As a very good Dissolve roundtable explores, the tri-part split-screen, which is also employed elsewhere in the film, expresses brilliantly the separate but parallel lives of three former soldiers trying to adjust to the harsh climate of post-war America. But the sequence is also a response to the what was then perceived as the threat of television to the movies — as is the film’s more explicit satirical approach to the new medium. The big guns of CinemaScope and Eastmancolor spectacle aid the special effects split-screening to demonstrate exactly what the low-res, mostly monochrome domestic medium can never hope to deliver.

That was then, and now of course, as is shown by this recent delightful split-screen dance from Broadway stars Katheryne Penny and Nathan Lucrezio , posted a few days ago to Facebook, you can shoot and edit this at home, and distribute it freely to hand-held screens around the world.

https://www.facebook.com/katheryne.penny/videos/10218342511727523/
All about image

Although music video as a form is now ubiquitous across the whole range of screens with which we engage, it began, at least in its modern incarnation (I know there are many film precursors) on television, crystallised by the cable channel MTV (Music Television) which was officially launched in 1981. In his book Visual Digital Culture, Andrew Darley argues that music video as a form is ‘constructed upon an intensification and augmentation of modes of image combination or montage’, and split-screening – facilitated by the potential of digital rather than analogue technologies – is just one of its hypervisual modes. There are countless examples, but here are three personal favourites, with the first being ‘Emotion’ by Destiny’s Child, released in 2001.

As a complement to vertical split-sceening above, this is the music video for Blink-182’s ‘Always’ directed in 2004 by Joseph Kahn, which splits the screen horizontally.

And a more recent, and more complex example is The Kills’ ‘Heart of a Dog’, released in 2016.

Perhaps it’s obvious, but for my argument I want to stress the self-reflexivity of music video as a form. Andrew Darley is among many critics who argue variants of this:

music videos make little or no pretence at hiding their eclectic media saturated dependence on other forms. They are definitively and conspicuously about image: about creating an image for a sound, a performer or performers, and (as often as not) for a performance [emphasis added].

Seeing it now

Rewind to 18 November 1951. Legendary war correspondent Edward R Murrow and producer Fred Friendly kick off their new television series See It Now. The programme would run until 1958 and be credited, among much else, with contributing in 1954 to the downfall of red-baiting Senator Joseph McCarthy. Here’s how it started:

(In passing, it’s worth noting that we have no comparable recording of a live television broadcast in Bitain from 1951. The BBC did not introduce tele-recording technology until 1953, and from before this we have only some fragments of film.)

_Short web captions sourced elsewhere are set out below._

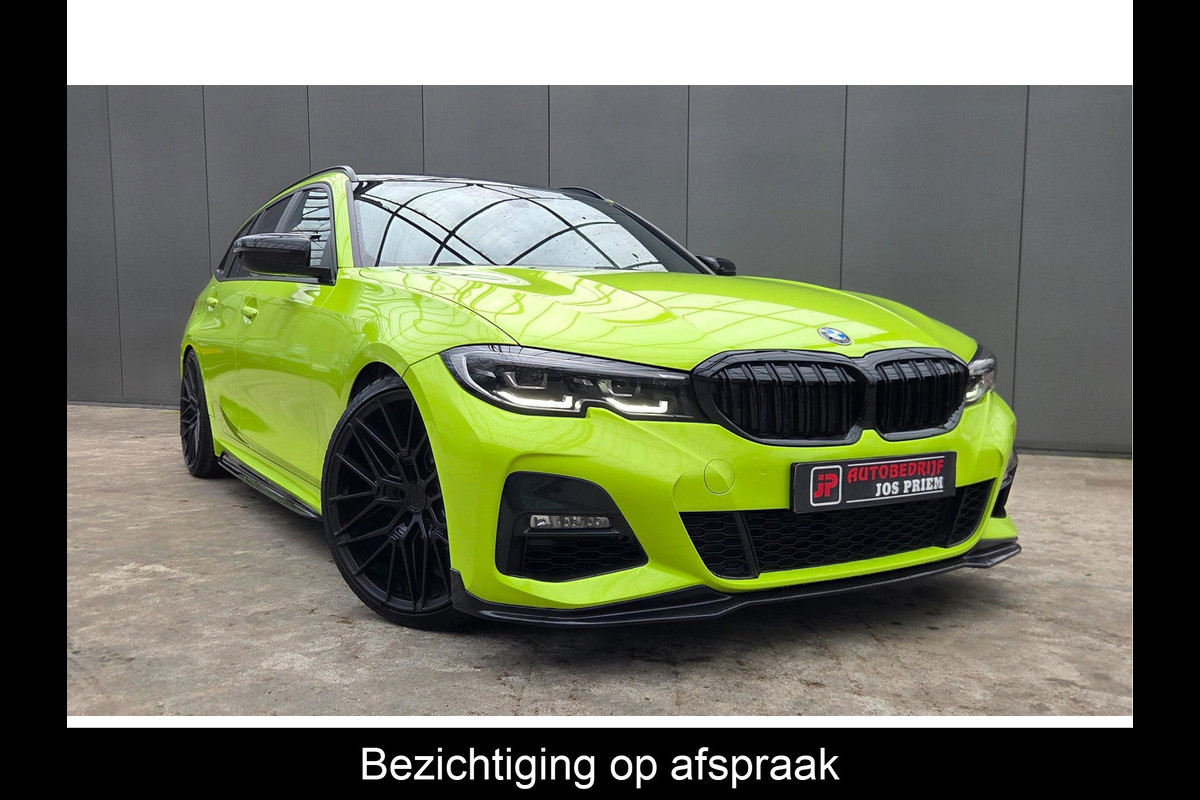 BMW 3 Serie Touring 318i M-Performance * EYE CATCHER * 330 PK !!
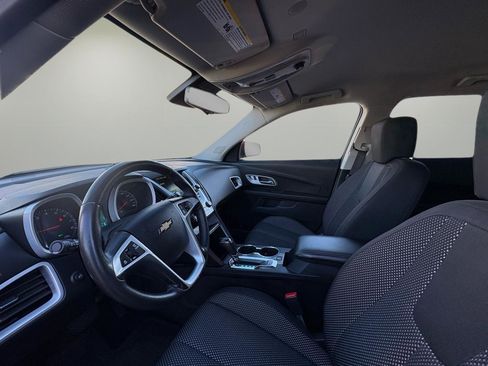 Used 2017 Chevrolet Equinox LT w/ Convenience Package image 14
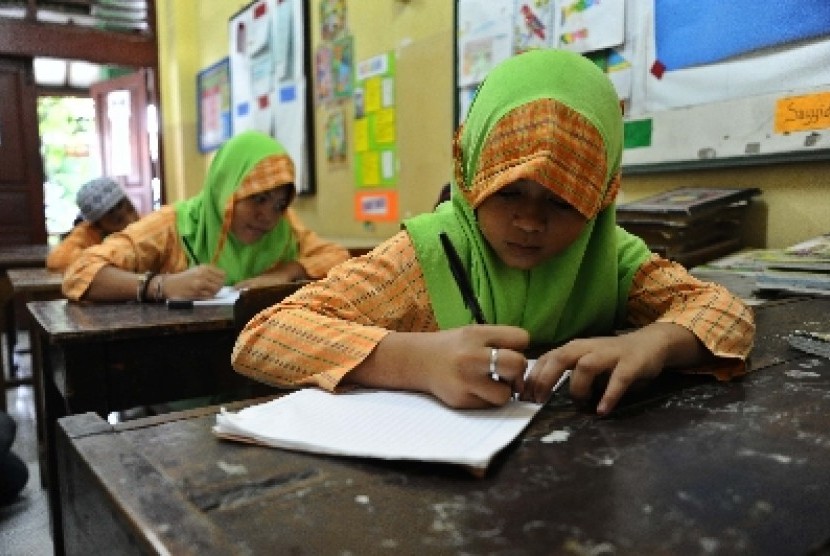  Siswa kelas enam Madrasah Ibtidaiyah sedang mengikuti belajar di Sekolah Al-Muriyah, Jakarta Pusat, Jumat (27/3).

There’s much that’s fascinating about this clip, including the remarkable self-reflexive foregrounding of television technology: Murrow explaining that he is seated at a control desk, studio director Don Hewitt vision mixing, (Hewitt would become even more central to television’s development than Murrow), the camera as a prop in the first frames, and more. And right here at the start of the medium we have a form of split-screen, facilitated by the side-by-side monitors (compared by Murrow to ‘loudspeakers’, referring back to the more familiar technology of radio) showing simultaneous images of the Atlantic and the Pacific. ‘For the first time,’ as Murrow says, ‘man has been able to sit at home and look at two oceans at the same time.’ We are seeing both on the same screen – and, as the series title stresses, we are seeing them now.

We get here a very early glimpse of how live (and much recorded) television production is grounded in the split-screen form, with multiple images offered to the director to be selected, but – unlike here – very rarely shared with the viewer.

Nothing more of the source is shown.